Method Goal 1: Exploiting data-driven priors in Bayesian optimization
We developed methods to effectively exploit large quantities of algorithm performance data on previous datasets [5, 9, 33], but also developed tooling to access such data in the first place [28, 18, 45]. Together with a methodology to use dataset subsets [1,13, 53], we used this methodology to win the 2nd AutoML competition [24]. Moreover, we were able to implement the equations given in WP 1.3 to successfully tune support vector machines and obtain up to 100-fold speedup [4,22]. We have also published the first work that allows the specification of free-form priors in Bayesian optimization [51] and the first work that allows learning across developer adjustments [31]. We also explored meta-learning in the context of neural architecture search [37].
Method Goal 2: Graybox Bayesian optimization
We worked on methods for modeling learning curves and exploiting them in a Bayesian optimization setting [2, 13, 21, 22]. However, concurrent work demonstrated excellent performance with a simpler, bandit-based method; we therefore shifted our focus on improving said bandit method and developed model-based bandit methods that improved the state of the art in hyperparameter optimization of deep neural networks. E.g. our BOHB approach has led to more than 50x speedups as compared to traditional black-box optimization methods [13]. We also developed efficient and reproducible benchmark problems to further evaluate gray-box methods [48]. As part of our work on extracting SGD state features, we found an issue with the popular Adam methodology, and the proposed fix is now my most highly cited paper [11].
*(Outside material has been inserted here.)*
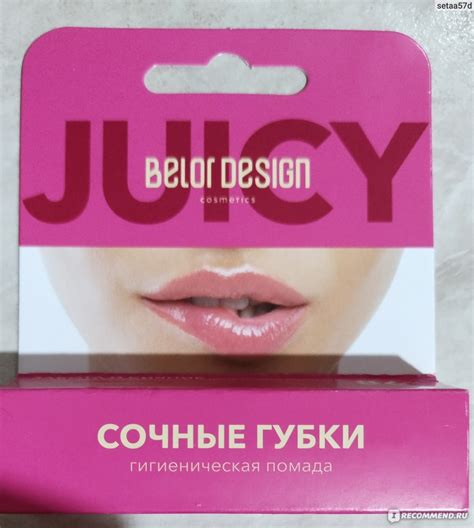 Гигиеническая помада Belordesign - Сочные губки - «Сочные губки и с ...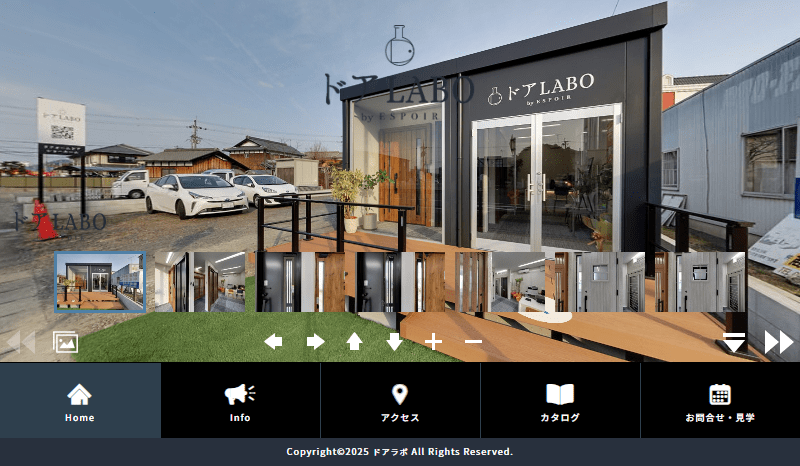 パノラマVRサイト｜玄関ドア専門ショールームイメージ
Method Goal 3: Hyperparameter control
We worked on improving stochastic optimization with AdamW [11] in order to control this optimization with RL. To ease the application of reinforcement learning (RL) we worked on automated hyperparameter optimization for RL algorithms [26, 27], also adapting hyperparameters over time. We clearly demonstrated the benefit of hyperparameter optimization in the RL domain by finding hyperparameters so good that they allowed the agent to break the Mujoco simulator [12].
A part of our work that was not covered by the original work packages but requested by the reviewers of the original proposal, was the optimization of neural architectures. We therefore invested substantial effort into this new field of neural architecture search (NAS) and made substantial contributions to the field [7, 10, 20, 25, 37, 39, 40, 42, 43, 47].
Application Goal: Computationally inexpensive auto-tuned deep learning, even for large datasets.
To improve the applicability of deep learning we worked on the hyperparameter optimization of augmentation and regularization techniques [44, 50]. We achieved the application goal by releasing the open-source automated deep learning library Auto-PyTorch [49], which allows efficient hyperparameter optimization & training of deep networks even on large datasets. This democratizes deep learning by allowing non-ML-experts to achieve state-of-the-art ML results.